Central Public Sector Undertaking

Balmer Lawrie & Co. Ltd. (BL) is an Indian central public sector undertaking and a conglomerate under the Ministry of Petroleum and Natural Gas, Government of India. It is classified as a category-I Miniratna company. Originally founded in 1867 by George Stephen Balmer and Alexander Lawrie in Calcutta, British India, the conglomerate has eight strategic business units, four joint ventures in India and abroad, and a subsidiary in India.

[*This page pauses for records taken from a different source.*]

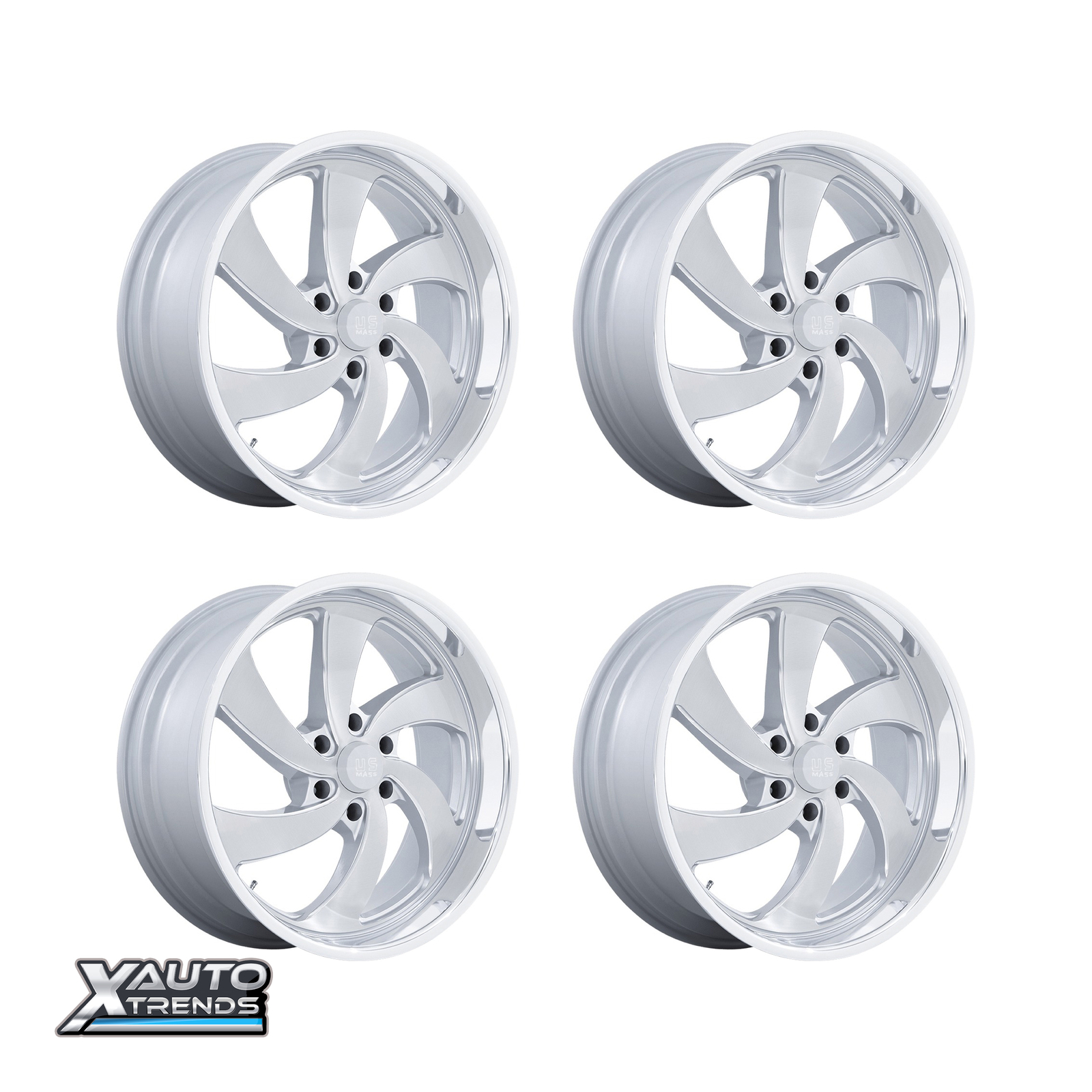 US Mags U134 Desperado SLVR BRSHD FCE Milled Diamond Cut 22X9 6X139.7 25mm Set 4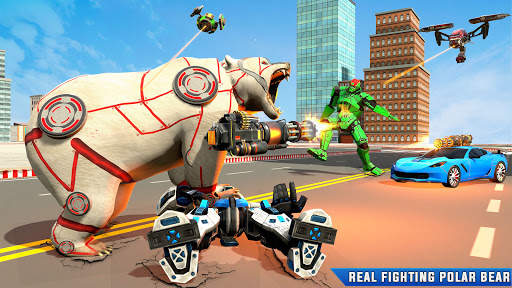 Flying Bear Robot Hero Game screenshot 1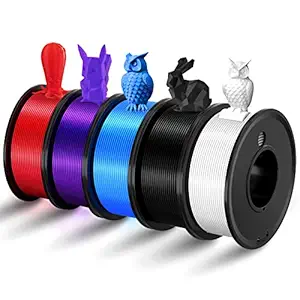 5 Colors 3D Printer Filament 1.75MM 250G PLA Filament 3D Printer Consumables 1250G in Total with 3D Build Surface Accuracy Tolerance 0.02mm No Clogging & Bubbles for 3D Printers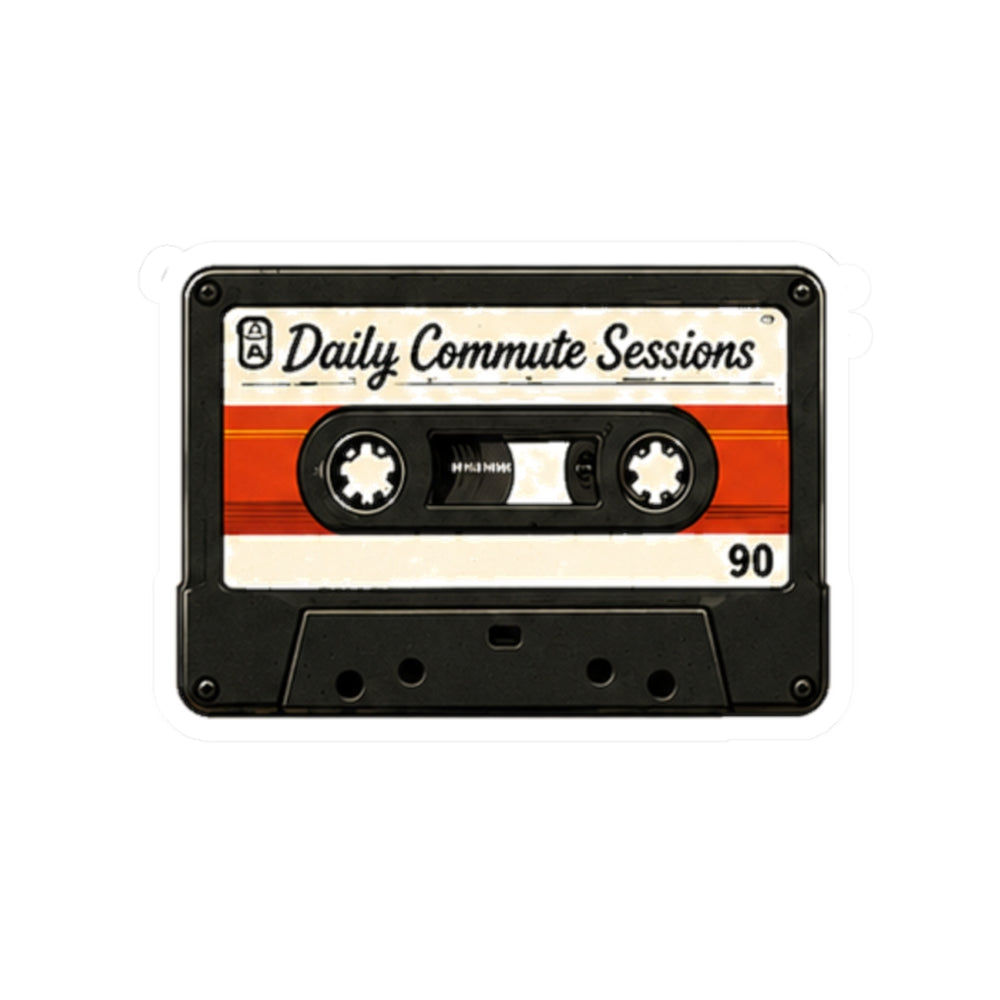 Vibe In Transit | Daily Commute Sessions Cassette Sticker | Retro Music Sticker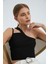 Kadın Tek Omuzlu Kesik Crop Top Black 8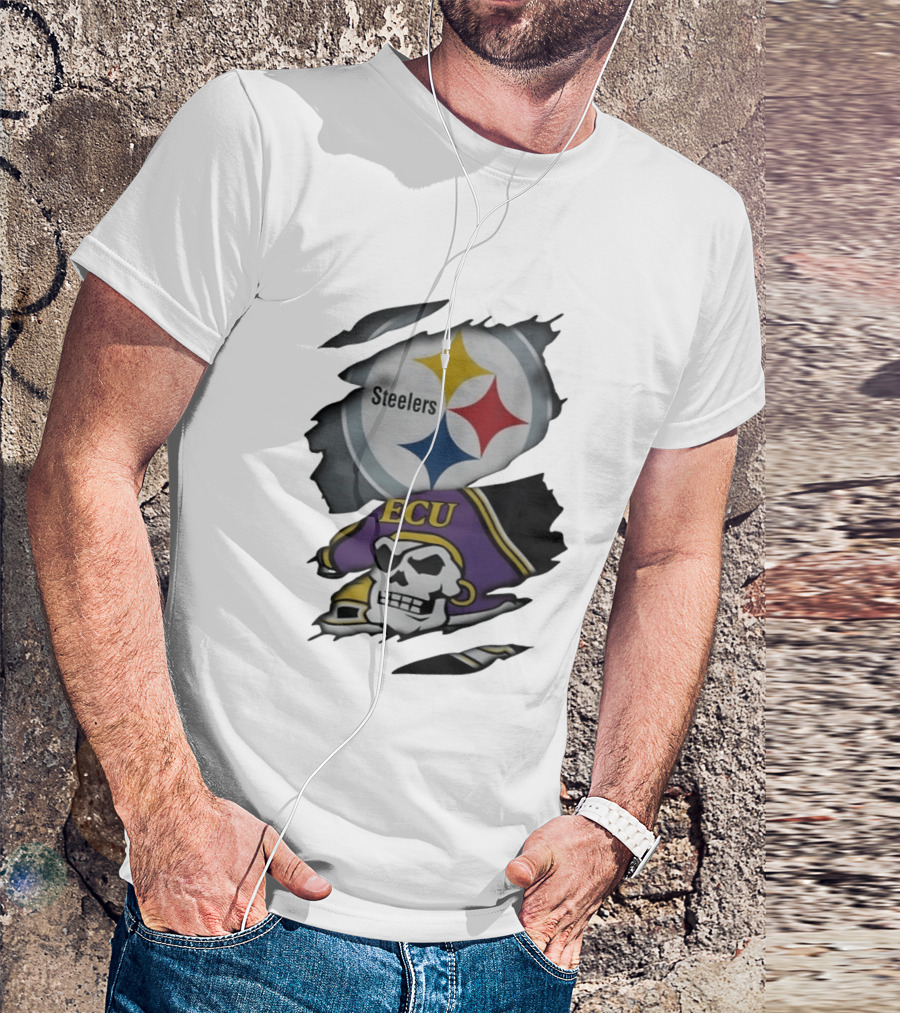 Pittsburgh Steelers And ECU Pirates Ripped T-Shirt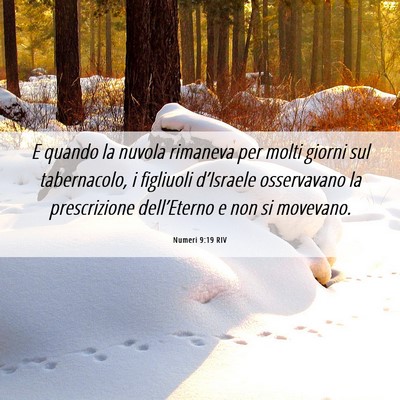 Picture 06 - Numeri 9:19 RIV - E quando la nuvola rimaneva per molti giorni sul - Bible Verse Picture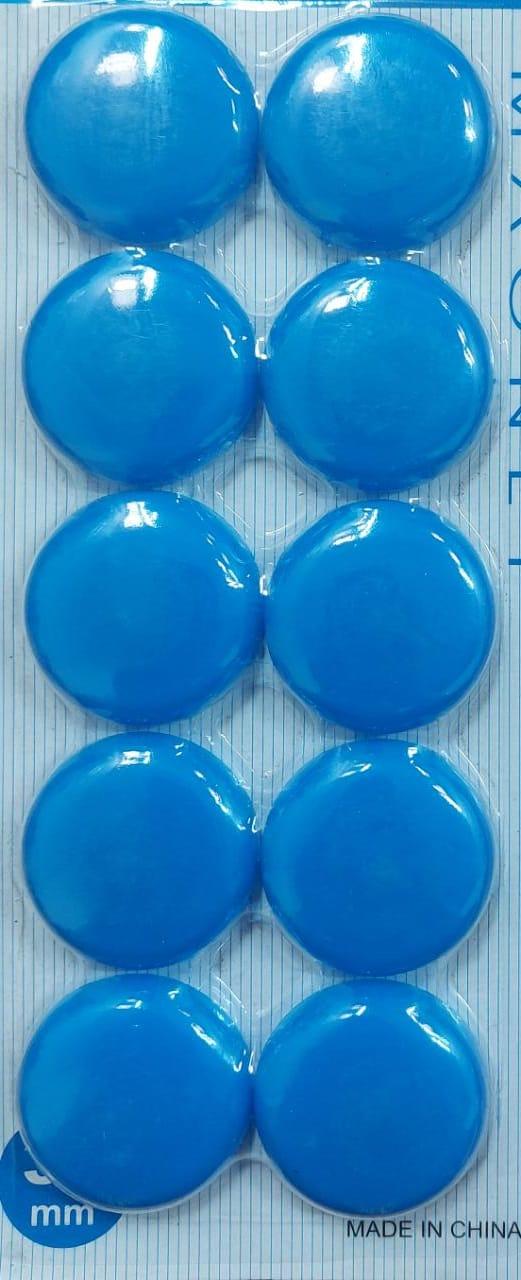 Набор магнитов круглые диаметр 3,5 см 10 штук синие - фото 1 - id-p109525736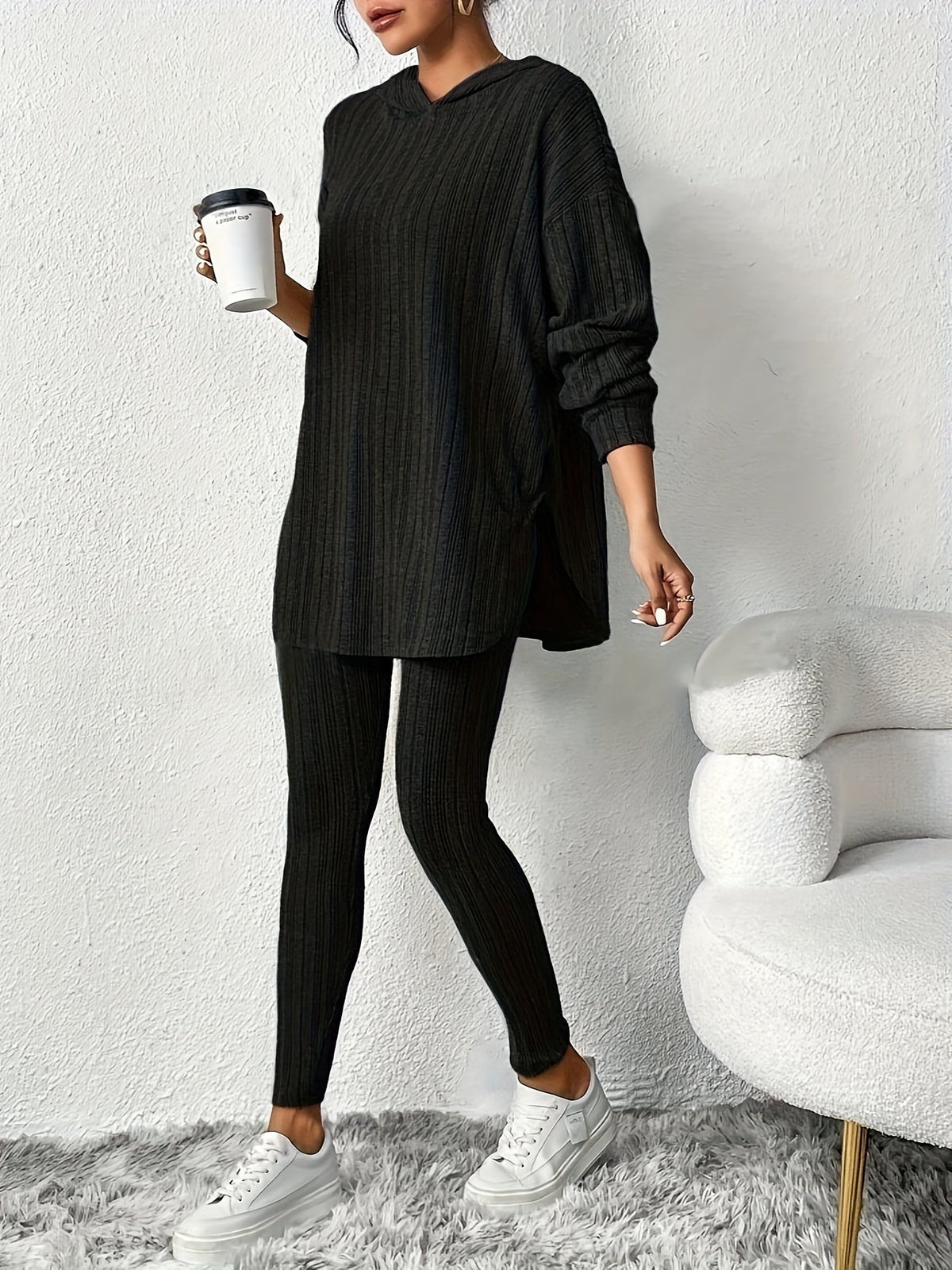 Women's Ribbed Longline Hoodie & Leggings Lounge Set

Balmer Lawrie at 9th Bengaluru Space Expo 2026, BIEC

==History==
Balmer Lawrie was founded as a partnership firm on 1 February 1867 in Calcutta, British India, by two Scotsmen: George Stephen Balmer and Alexander Lawrie. It became a private limited company in 1924 with a paid-up share capital of ₹40 lakhs, a public limited company in 1936 and then a Government of India Enterprise in 1972. BL is classified as a category-I Miniratna company.

==Joint ventures and subsidiary==
Balmer Lawrie has joint ventures in both India and abroad and a subsidiary in India.

=== Joint Ventures in India ===
- Balmer Lawrie - Van Leer Ltd.
- AVI-OIL India Pvt. Ltd.

=== Joint Ventures abroad ===
- PT. Balmer Lawrie Indonesia
- Balmer Lawrie (UAE) LLC

=== Subsidiary ===
- Visakhapatnam Port Logistics Park Limited

==Service==
It has eight strategic business units: Industrial Packaging, Greases & Lubricants, Chemicals, Travel & Vacations, Logistics Infrastructure, Logistics Services, Cold Chain and Refinery & Oil Field Services, with offices spread across the country and abroad. BL is present in eight businesses: Travel and Vacations, Industrial Packaging, Greases and Lubricants, Leather Chemicals, Logistics, Logistics Infrastructure, Logistics Services, and Refinery and Oil Field.

==Recent developments==
Today, Balmer Lawrie is a government sector enterprise with a turnover of ₹2,404 crores and a profit of ₹203 crores as of 31 March 2025. During FY 2024–25, the PSE earned a revenue of ₹2404 crore.